- [Try it]: Write out the lines of the material below exactly, beginning at the line with "If you are using" and stopping after the line with "Hey guys, Jeevin", and leave out the pictures.

- [Records for the exercise]:
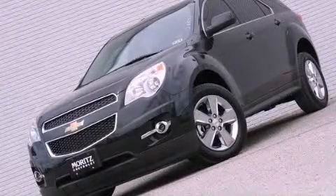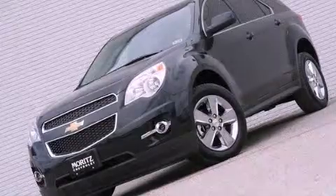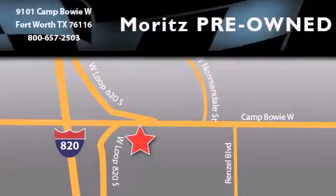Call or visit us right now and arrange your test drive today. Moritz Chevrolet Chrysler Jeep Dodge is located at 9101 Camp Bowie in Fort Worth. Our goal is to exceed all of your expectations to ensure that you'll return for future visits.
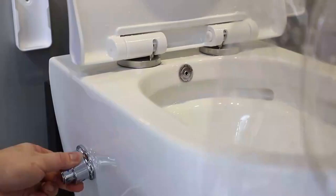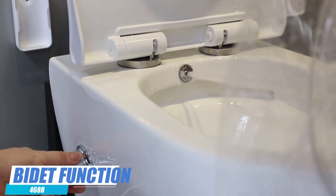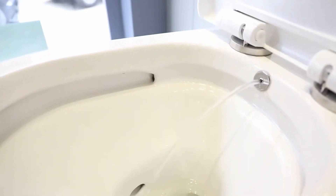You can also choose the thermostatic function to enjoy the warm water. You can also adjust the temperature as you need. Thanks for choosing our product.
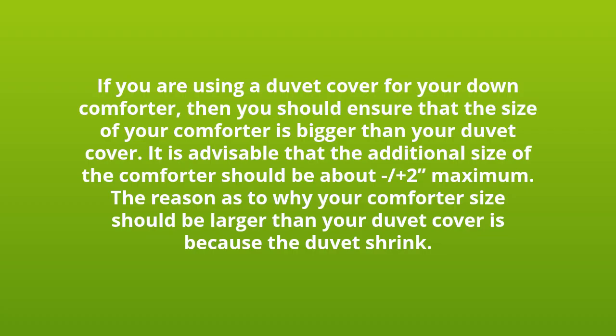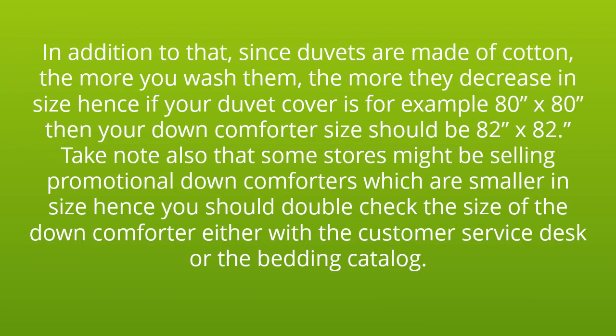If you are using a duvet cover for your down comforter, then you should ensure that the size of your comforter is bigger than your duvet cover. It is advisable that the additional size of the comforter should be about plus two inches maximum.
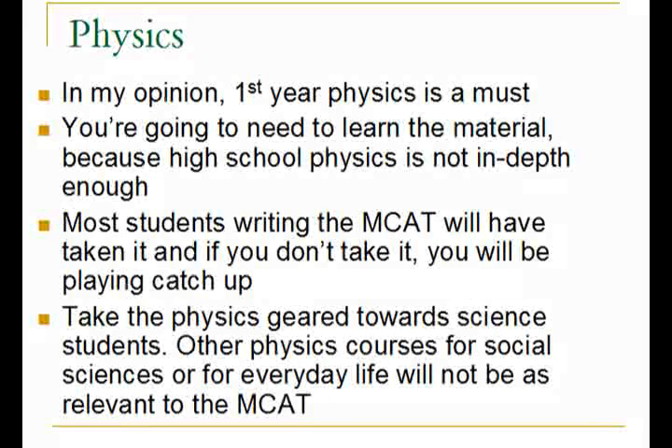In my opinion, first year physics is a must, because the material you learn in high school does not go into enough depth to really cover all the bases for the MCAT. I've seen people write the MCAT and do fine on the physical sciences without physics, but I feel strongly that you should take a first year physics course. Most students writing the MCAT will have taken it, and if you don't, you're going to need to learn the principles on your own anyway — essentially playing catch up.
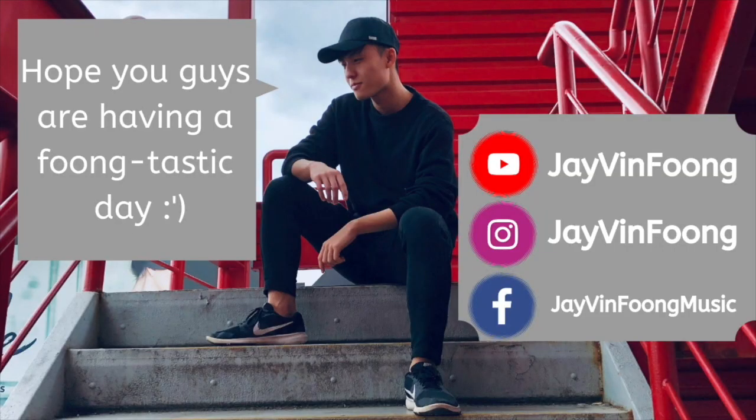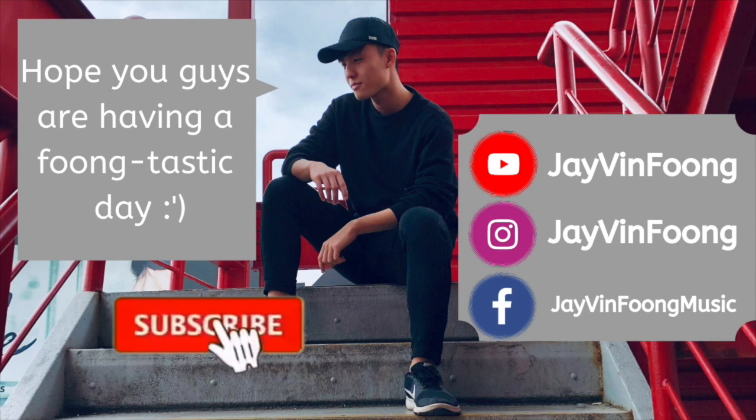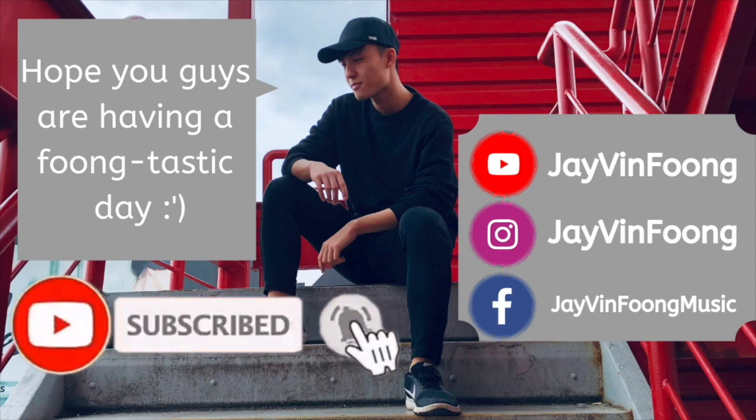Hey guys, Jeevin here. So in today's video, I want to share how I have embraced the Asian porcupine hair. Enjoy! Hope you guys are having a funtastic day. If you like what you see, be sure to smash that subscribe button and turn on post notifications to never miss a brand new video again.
--
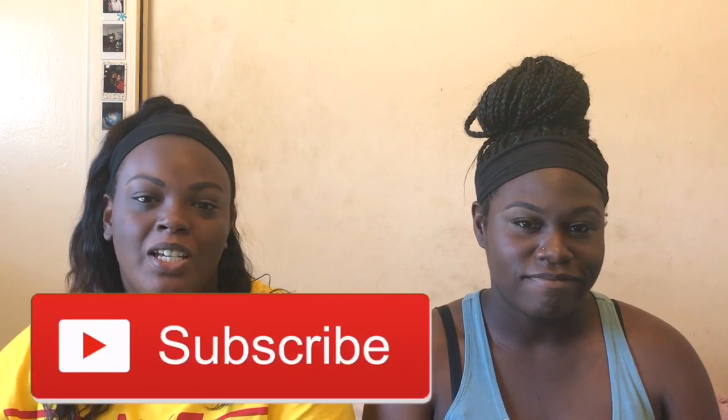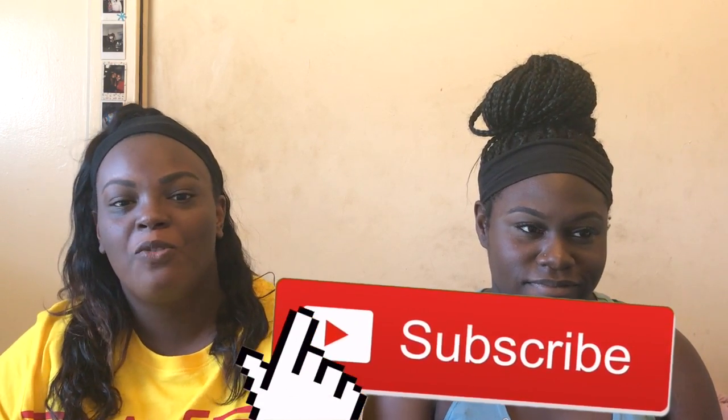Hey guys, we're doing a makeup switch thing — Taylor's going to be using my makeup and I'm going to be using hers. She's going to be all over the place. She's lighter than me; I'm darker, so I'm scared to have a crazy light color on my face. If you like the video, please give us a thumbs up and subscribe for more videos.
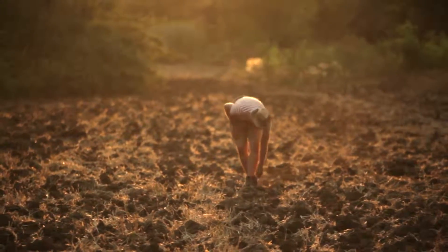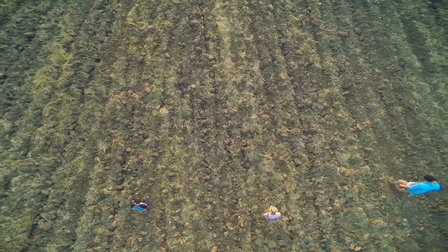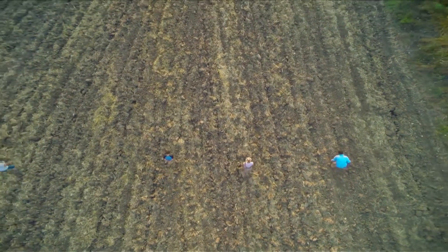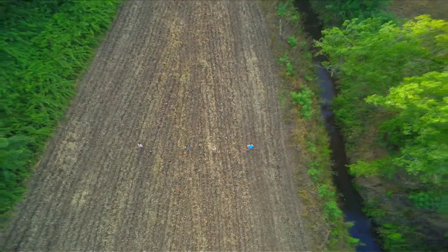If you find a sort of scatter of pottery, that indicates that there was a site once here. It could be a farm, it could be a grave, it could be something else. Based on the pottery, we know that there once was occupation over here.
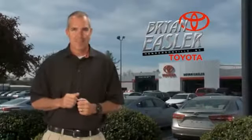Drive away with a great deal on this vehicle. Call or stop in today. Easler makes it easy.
...
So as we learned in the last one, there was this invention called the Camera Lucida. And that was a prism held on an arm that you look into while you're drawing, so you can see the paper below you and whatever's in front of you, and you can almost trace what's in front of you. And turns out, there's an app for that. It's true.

- [Task response]:
If you are using a duvet cover for your down comforter, then you should ensure that the size of your comforter is bigger than your duvet cover. It is advisable that the additional size of the comforter should be about plus two inches maximum.
In my opinion, first year physics is a must, because the material you learn in high school does not go into enough depth to really cover all the bases for the MCAT. I've seen people write the MCAT and do fine on the physical sciences without physics, but I feel strongly that you should take a first year physics course. Most students writing the MCAT will have taken it, and if you don't, you're going to need to learn the principles on your own anyway — essentially playing catch up.
Hey guys, Jeevin here. So in today's video, I want to share how I have embraced the Asian porcupine hair. Enjoy! Hope you guys are having a funtastic day. If you like what you see, be sure to smash that subscribe button and turn on post notifications to never miss a brand new video again.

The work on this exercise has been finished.